1. A smart city greening management method, characterized in that, The method is executed by the management platform and includes: The vegetation data of the monitoring area corresponding to the object platform is obtained through the sensor network platform. The vegetation data includes at least one of the following: species information, climate information, soil information, maintenance information, and actual growth parameters. Based on the vegetation data, vegetation anomaly information of the monitored area is obtained, including the location and amount of vegetation anomaly. Based on the vegetation anomaly information in the monitored area, combined with the traffic flow and population density in the monitored area, the predicted air quality of the monitored area is obtained based on a prediction model, wherein the prediction model is a machine learning model. Based on the predicted air quality and vegetation anomaly information of the monitored area, the priority of greening treatment in the monitored area is determined, whereby the greening treatment priority indicates the order in which abnormal vegetation is treated; wherein, the prediction model includes graph neural networks and deep neural networks; and the prediction of air quality in the monitored area based on the prediction model includes: Based on the vegetation anomaly information in the monitored area, combined with the traffic flow and population density in the monitored area, a regional map is constructed. The nodes of the regional map include residential nodes and road intersection nodes. The edges of the regional map are used to connect two nodes with roads. The attributes of the residential nodes include the population density and the amount of vegetation anomaly. The attributes of the road intersection nodes include the traffic flow. The attributes of the edges include the amount of vegetation anomaly next to the road. The region graph is processed based on the graph neural network to obtain a region feature vector, wherein the region feature vector is output by the nodes of the region graph; The predicted air quality is obtained by processing the feature vector of the region based on the deep neural network.

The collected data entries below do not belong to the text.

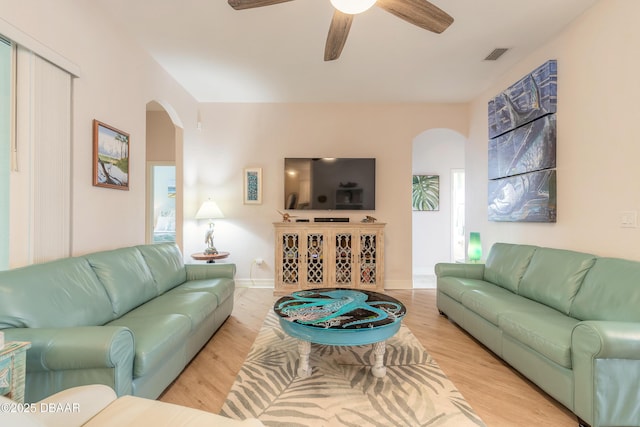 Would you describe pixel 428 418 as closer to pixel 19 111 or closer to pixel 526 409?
pixel 526 409

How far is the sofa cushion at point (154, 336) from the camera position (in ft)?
4.97

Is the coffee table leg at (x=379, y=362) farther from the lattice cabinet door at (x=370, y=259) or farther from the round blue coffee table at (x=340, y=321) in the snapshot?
the lattice cabinet door at (x=370, y=259)

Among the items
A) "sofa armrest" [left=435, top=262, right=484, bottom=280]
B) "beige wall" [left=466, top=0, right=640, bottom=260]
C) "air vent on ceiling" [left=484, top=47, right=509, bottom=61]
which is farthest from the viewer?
"sofa armrest" [left=435, top=262, right=484, bottom=280]

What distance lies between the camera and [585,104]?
7.97 ft

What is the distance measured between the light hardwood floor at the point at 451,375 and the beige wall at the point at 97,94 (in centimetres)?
129

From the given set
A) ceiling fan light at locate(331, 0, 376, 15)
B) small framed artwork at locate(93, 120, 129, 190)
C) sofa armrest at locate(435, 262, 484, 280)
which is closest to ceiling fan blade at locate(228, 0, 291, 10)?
ceiling fan light at locate(331, 0, 376, 15)

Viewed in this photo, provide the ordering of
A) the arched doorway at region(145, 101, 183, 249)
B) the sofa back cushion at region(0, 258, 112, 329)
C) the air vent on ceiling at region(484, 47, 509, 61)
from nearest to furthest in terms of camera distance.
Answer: the sofa back cushion at region(0, 258, 112, 329), the air vent on ceiling at region(484, 47, 509, 61), the arched doorway at region(145, 101, 183, 249)

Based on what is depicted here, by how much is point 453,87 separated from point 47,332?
4.51 m

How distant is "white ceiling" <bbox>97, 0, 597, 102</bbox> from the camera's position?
238cm

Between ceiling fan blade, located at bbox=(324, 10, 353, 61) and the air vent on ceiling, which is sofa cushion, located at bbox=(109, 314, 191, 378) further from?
the air vent on ceiling

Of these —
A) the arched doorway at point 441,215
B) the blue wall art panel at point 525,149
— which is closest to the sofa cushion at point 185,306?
the blue wall art panel at point 525,149

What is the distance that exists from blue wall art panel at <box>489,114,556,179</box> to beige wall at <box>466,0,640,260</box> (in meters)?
0.08

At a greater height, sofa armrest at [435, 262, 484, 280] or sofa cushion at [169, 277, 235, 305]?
sofa armrest at [435, 262, 484, 280]

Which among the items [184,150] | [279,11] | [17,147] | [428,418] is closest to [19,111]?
[17,147] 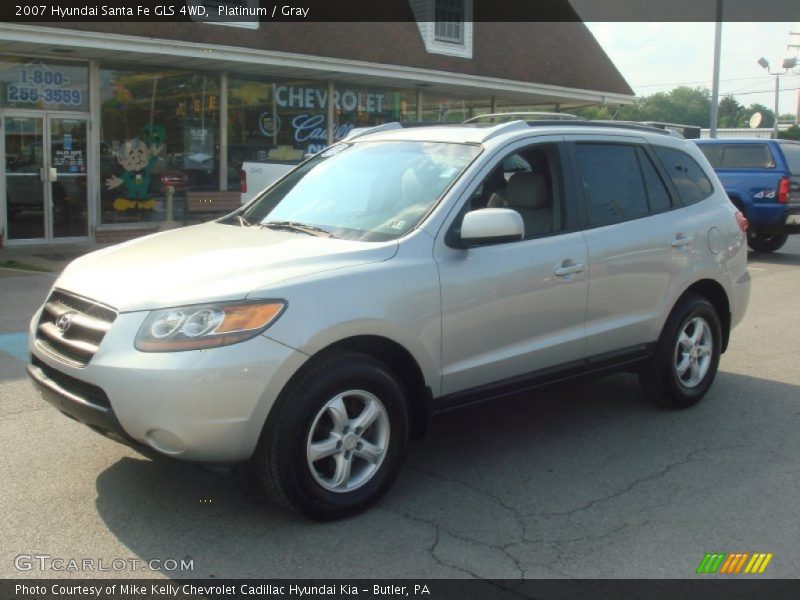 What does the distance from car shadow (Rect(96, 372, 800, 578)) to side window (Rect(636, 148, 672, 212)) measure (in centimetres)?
143

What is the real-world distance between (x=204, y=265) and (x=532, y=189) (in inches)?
80.7

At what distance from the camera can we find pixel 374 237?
4.50 meters

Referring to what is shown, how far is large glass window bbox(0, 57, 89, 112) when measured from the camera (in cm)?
1402

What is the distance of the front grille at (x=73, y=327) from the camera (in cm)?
391

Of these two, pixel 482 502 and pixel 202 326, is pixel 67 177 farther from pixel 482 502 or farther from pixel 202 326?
pixel 482 502

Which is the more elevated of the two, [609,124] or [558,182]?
[609,124]

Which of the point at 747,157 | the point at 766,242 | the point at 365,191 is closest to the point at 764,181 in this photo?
the point at 747,157

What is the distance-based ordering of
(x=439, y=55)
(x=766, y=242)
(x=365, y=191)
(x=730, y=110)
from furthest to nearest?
(x=730, y=110), (x=439, y=55), (x=766, y=242), (x=365, y=191)

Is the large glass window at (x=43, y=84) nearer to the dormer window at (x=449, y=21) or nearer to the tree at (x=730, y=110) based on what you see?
the dormer window at (x=449, y=21)

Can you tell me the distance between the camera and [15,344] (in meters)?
7.51

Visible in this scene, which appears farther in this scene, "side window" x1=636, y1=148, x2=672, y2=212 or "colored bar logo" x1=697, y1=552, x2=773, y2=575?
"side window" x1=636, y1=148, x2=672, y2=212

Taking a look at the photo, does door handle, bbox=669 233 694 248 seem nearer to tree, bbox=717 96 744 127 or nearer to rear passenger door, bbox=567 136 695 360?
rear passenger door, bbox=567 136 695 360

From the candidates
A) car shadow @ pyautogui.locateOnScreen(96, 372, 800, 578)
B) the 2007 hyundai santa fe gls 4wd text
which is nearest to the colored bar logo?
car shadow @ pyautogui.locateOnScreen(96, 372, 800, 578)

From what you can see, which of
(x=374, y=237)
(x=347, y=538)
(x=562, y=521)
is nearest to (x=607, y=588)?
(x=562, y=521) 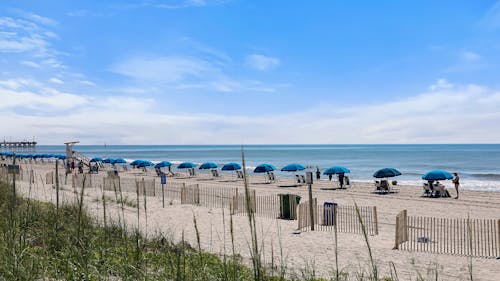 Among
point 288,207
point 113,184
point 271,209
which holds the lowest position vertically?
point 271,209

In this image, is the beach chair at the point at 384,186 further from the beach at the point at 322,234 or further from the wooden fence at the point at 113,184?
the wooden fence at the point at 113,184

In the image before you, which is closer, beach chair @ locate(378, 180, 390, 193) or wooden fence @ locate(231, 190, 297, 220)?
wooden fence @ locate(231, 190, 297, 220)

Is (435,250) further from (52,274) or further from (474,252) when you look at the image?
(52,274)

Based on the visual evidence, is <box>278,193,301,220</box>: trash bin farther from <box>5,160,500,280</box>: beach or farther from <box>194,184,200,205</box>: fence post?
<box>194,184,200,205</box>: fence post

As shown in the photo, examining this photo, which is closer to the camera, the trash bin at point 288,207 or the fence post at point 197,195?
the trash bin at point 288,207

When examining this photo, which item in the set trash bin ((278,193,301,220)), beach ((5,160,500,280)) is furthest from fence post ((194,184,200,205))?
trash bin ((278,193,301,220))

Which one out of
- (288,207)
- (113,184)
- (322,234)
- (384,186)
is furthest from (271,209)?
(113,184)

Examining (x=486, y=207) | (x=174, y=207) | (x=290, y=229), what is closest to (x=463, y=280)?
(x=290, y=229)

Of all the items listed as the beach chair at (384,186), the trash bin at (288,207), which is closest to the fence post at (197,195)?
the trash bin at (288,207)

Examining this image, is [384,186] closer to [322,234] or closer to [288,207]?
[288,207]

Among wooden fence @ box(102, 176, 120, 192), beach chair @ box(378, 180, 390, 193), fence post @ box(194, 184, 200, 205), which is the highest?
wooden fence @ box(102, 176, 120, 192)

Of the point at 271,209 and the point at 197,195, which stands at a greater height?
the point at 197,195

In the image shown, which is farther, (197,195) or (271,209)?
(197,195)

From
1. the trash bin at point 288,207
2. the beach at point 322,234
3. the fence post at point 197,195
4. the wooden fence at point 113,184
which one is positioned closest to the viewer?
the wooden fence at point 113,184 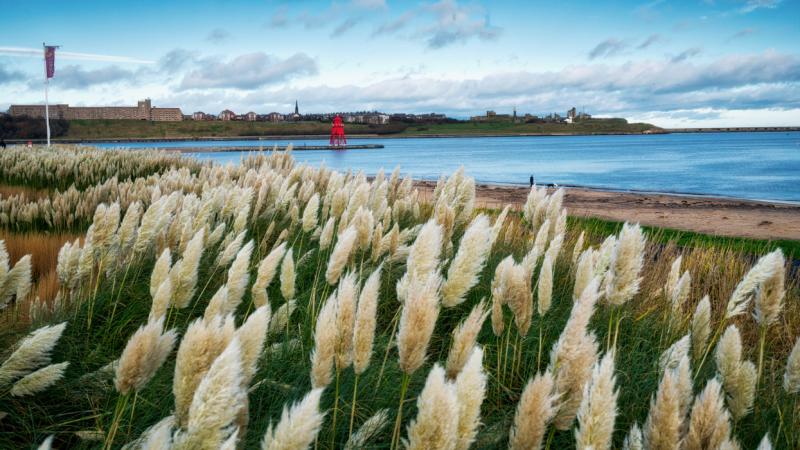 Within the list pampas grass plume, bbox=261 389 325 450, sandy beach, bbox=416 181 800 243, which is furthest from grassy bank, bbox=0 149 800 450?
sandy beach, bbox=416 181 800 243

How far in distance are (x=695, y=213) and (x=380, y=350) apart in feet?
55.8

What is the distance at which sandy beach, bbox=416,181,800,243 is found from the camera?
14.3 metres

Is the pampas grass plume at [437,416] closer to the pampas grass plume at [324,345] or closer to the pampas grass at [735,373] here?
the pampas grass plume at [324,345]

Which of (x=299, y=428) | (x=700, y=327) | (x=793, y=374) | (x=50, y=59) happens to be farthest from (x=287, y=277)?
(x=50, y=59)

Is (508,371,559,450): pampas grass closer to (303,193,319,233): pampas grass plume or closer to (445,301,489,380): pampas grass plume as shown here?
(445,301,489,380): pampas grass plume

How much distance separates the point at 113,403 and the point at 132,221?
3.13 feet

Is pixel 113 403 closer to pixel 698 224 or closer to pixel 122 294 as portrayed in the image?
pixel 122 294

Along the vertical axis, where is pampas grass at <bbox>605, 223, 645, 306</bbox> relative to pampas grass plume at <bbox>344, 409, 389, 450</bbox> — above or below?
above

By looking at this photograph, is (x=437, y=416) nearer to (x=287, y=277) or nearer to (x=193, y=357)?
(x=193, y=357)

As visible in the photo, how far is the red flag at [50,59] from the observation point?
30297 mm

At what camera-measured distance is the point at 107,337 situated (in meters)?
3.27

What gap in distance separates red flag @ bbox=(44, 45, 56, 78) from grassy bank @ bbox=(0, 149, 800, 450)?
3022cm

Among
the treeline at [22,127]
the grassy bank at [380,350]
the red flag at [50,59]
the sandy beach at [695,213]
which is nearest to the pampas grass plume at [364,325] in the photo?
the grassy bank at [380,350]

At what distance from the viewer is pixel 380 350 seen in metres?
3.27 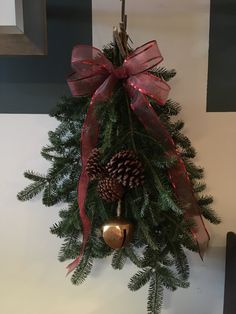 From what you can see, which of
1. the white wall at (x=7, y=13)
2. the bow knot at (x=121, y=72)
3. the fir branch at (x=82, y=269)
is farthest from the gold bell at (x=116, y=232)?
the white wall at (x=7, y=13)

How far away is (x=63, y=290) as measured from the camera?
3.10 ft

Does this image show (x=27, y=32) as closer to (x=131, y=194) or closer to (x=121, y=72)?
(x=121, y=72)

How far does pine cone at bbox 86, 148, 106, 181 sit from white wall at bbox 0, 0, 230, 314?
0.26 metres

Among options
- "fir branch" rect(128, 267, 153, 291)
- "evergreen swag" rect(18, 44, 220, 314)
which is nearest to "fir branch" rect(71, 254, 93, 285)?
"evergreen swag" rect(18, 44, 220, 314)

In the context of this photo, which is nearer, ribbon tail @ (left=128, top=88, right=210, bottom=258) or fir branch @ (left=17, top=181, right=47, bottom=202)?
ribbon tail @ (left=128, top=88, right=210, bottom=258)

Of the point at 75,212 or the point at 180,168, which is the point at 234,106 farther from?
the point at 75,212

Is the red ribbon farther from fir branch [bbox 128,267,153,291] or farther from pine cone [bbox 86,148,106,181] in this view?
fir branch [bbox 128,267,153,291]

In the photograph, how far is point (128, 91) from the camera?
693mm

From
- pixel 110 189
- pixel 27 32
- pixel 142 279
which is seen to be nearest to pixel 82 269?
pixel 142 279

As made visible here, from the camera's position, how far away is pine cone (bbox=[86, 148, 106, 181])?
2.13 ft

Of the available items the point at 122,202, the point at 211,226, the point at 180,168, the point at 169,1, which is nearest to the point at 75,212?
the point at 122,202

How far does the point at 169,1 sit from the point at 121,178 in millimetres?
444

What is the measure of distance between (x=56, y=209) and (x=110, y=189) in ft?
1.06

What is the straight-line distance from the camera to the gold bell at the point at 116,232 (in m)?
0.64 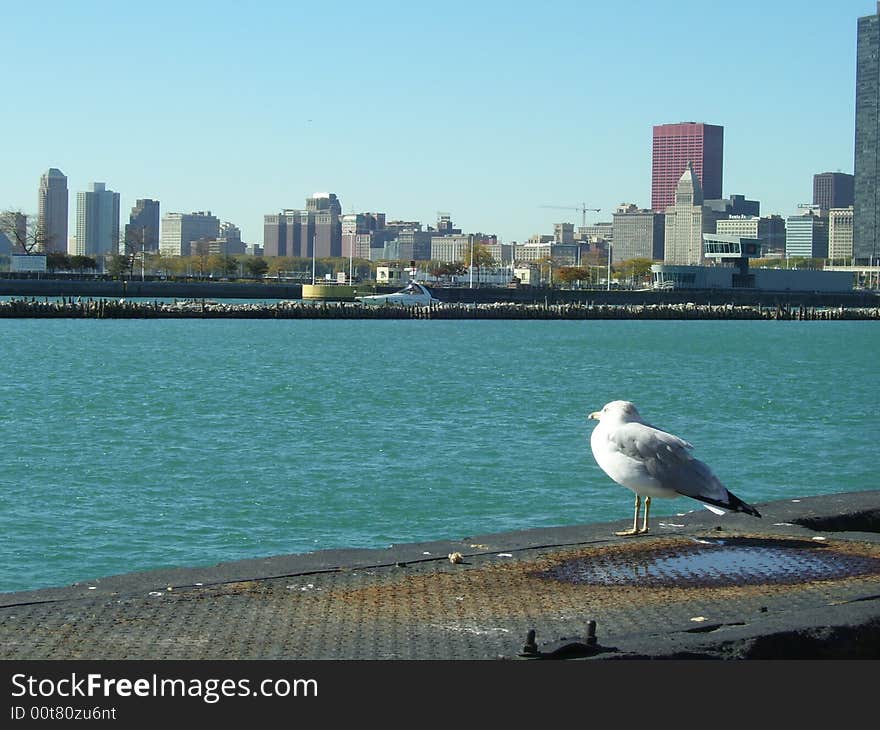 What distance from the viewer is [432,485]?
2177 centimetres

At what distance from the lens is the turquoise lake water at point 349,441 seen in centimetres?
1762

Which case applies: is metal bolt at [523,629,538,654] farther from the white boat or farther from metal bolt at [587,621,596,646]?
the white boat

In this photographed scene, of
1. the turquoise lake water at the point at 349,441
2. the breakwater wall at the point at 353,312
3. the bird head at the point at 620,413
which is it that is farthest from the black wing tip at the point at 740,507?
the breakwater wall at the point at 353,312

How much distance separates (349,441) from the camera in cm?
2873

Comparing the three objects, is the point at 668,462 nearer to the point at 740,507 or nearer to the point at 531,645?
the point at 740,507

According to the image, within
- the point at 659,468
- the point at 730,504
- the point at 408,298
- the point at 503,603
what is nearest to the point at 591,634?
the point at 503,603

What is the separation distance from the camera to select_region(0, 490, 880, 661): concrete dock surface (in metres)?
7.88

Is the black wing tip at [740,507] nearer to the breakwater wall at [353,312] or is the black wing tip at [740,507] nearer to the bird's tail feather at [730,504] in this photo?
the bird's tail feather at [730,504]

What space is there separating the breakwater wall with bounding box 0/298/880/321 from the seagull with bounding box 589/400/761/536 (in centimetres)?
9452

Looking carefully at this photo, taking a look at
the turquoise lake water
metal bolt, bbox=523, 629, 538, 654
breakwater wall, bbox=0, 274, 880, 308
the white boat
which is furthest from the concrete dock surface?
breakwater wall, bbox=0, 274, 880, 308

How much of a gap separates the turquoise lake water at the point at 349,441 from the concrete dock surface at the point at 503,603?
17.4 feet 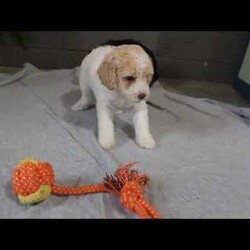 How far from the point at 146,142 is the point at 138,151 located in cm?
5

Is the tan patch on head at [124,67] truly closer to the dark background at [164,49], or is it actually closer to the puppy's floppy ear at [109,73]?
the puppy's floppy ear at [109,73]

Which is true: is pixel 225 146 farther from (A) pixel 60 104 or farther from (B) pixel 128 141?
(A) pixel 60 104

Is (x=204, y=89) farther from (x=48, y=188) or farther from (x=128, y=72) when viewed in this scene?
(x=48, y=188)

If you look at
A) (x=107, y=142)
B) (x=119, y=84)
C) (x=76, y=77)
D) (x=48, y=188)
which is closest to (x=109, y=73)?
(x=119, y=84)

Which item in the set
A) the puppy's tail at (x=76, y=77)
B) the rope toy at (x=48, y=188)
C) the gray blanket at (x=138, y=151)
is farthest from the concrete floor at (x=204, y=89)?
the rope toy at (x=48, y=188)

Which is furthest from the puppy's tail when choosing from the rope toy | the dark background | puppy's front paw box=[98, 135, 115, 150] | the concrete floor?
the rope toy

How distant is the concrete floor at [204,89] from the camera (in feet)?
7.31

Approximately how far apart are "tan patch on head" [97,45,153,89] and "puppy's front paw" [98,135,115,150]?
22cm

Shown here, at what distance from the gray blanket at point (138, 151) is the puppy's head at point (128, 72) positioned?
26cm

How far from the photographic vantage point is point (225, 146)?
154 cm

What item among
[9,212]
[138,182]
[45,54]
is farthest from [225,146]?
[45,54]

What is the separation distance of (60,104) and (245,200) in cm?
99

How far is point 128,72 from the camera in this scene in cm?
128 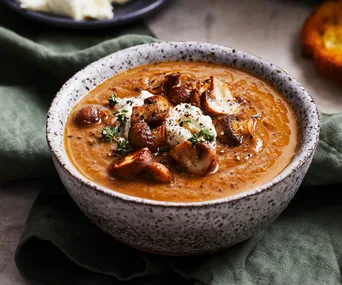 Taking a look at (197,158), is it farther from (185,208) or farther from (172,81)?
Result: (172,81)

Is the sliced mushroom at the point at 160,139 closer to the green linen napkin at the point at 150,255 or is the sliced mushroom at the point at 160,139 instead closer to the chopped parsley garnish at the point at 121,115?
the chopped parsley garnish at the point at 121,115

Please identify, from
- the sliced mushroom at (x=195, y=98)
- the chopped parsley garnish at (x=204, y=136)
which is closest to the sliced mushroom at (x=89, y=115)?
the sliced mushroom at (x=195, y=98)

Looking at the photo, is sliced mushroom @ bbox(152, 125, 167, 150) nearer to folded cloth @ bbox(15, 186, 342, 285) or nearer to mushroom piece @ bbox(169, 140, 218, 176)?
mushroom piece @ bbox(169, 140, 218, 176)

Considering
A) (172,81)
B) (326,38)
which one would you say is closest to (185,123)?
(172,81)

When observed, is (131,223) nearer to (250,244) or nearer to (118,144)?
(118,144)

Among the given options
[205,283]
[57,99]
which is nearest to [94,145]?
[57,99]

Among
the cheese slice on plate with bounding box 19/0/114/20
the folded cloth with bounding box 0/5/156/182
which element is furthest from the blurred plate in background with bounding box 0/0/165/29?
the folded cloth with bounding box 0/5/156/182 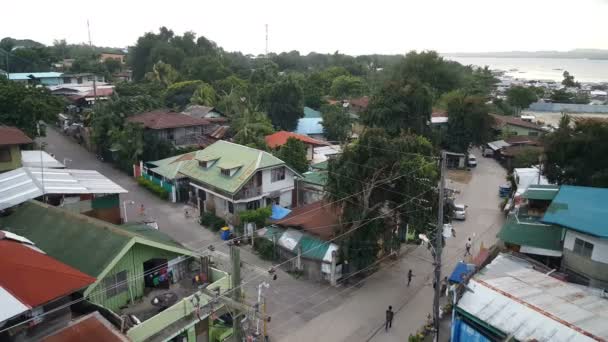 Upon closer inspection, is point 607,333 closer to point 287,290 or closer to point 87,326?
point 287,290

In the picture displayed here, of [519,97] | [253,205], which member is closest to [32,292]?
[253,205]

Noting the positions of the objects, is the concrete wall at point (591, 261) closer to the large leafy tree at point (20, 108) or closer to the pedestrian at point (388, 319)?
the pedestrian at point (388, 319)

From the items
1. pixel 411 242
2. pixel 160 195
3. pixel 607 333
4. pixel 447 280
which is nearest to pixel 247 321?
pixel 447 280

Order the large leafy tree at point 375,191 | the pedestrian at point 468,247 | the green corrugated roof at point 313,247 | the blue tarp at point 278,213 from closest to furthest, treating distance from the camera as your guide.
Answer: the large leafy tree at point 375,191, the green corrugated roof at point 313,247, the pedestrian at point 468,247, the blue tarp at point 278,213

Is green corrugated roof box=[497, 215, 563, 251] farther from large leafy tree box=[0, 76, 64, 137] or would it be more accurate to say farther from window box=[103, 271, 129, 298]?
large leafy tree box=[0, 76, 64, 137]

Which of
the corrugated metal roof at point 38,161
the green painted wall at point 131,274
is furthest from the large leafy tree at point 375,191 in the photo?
the corrugated metal roof at point 38,161

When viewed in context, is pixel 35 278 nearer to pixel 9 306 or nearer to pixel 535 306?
pixel 9 306

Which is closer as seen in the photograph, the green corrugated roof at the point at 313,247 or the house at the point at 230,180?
the green corrugated roof at the point at 313,247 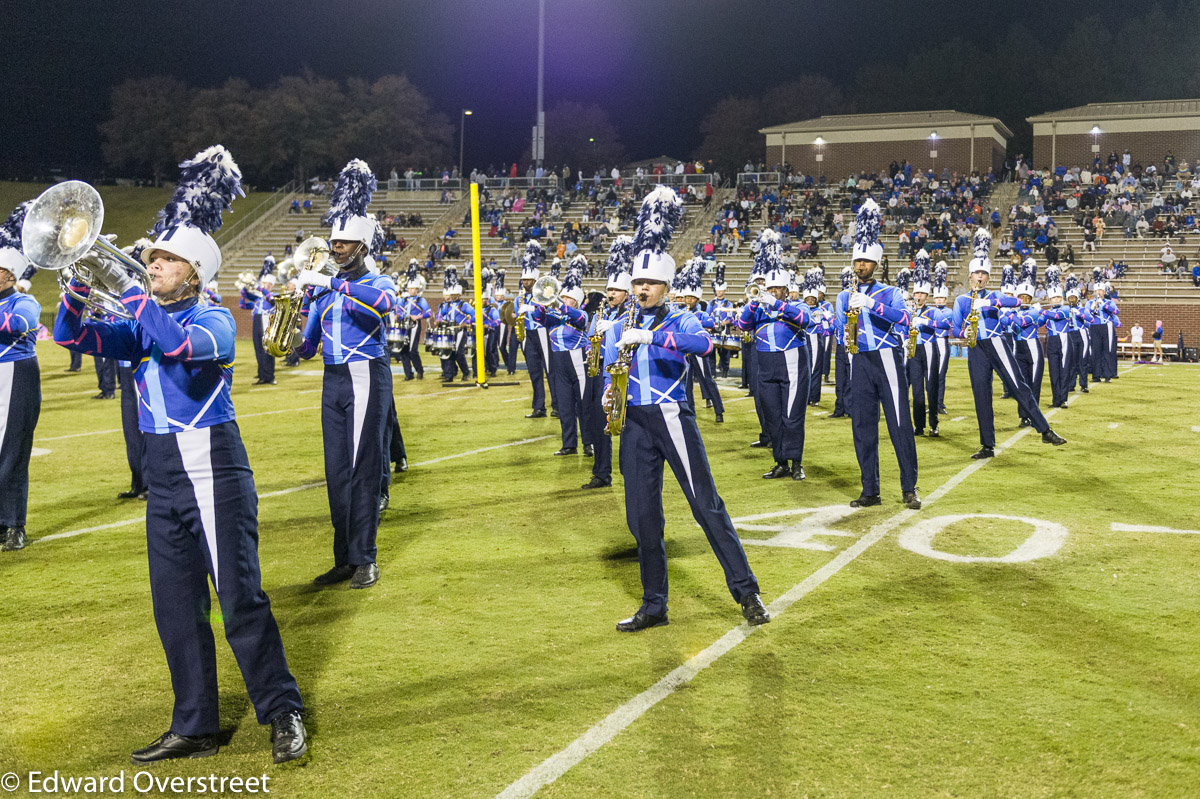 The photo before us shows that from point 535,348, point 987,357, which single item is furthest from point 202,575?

2. The method according to claim 1, characterized in that, The sensor network platform includes several sensor network sub-platforms corresponding to different monitoring areas; The management platform includes several management sub-platforms corresponding to different monitoring areas; The vegetation anomaly information and the predicted air quality in the monitored area are determined by the corresponding management sub-platform of the monitored area.

3. The method of claim 1, wherein, The method for determining the abnormal vegetation amount in the monitored area includes: A vegetation feature vector is constructed based on the vegetation data of the monitored area; A reference feature vector is obtained by retrieving it from the vegetation vector database based on the vegetation feature vector. Based on the reference feature vector, determine the reference growth parameters; Abnormal vegetation is determined based on the actual growth parameters and the reference growth parameters; The abnormal vegetation is used to calculate the amount of vegetation abnormality in the monitored area.

4. The method of claim 1, wherein, The worse the predicted air quality, the higher the priority of the greening treatment.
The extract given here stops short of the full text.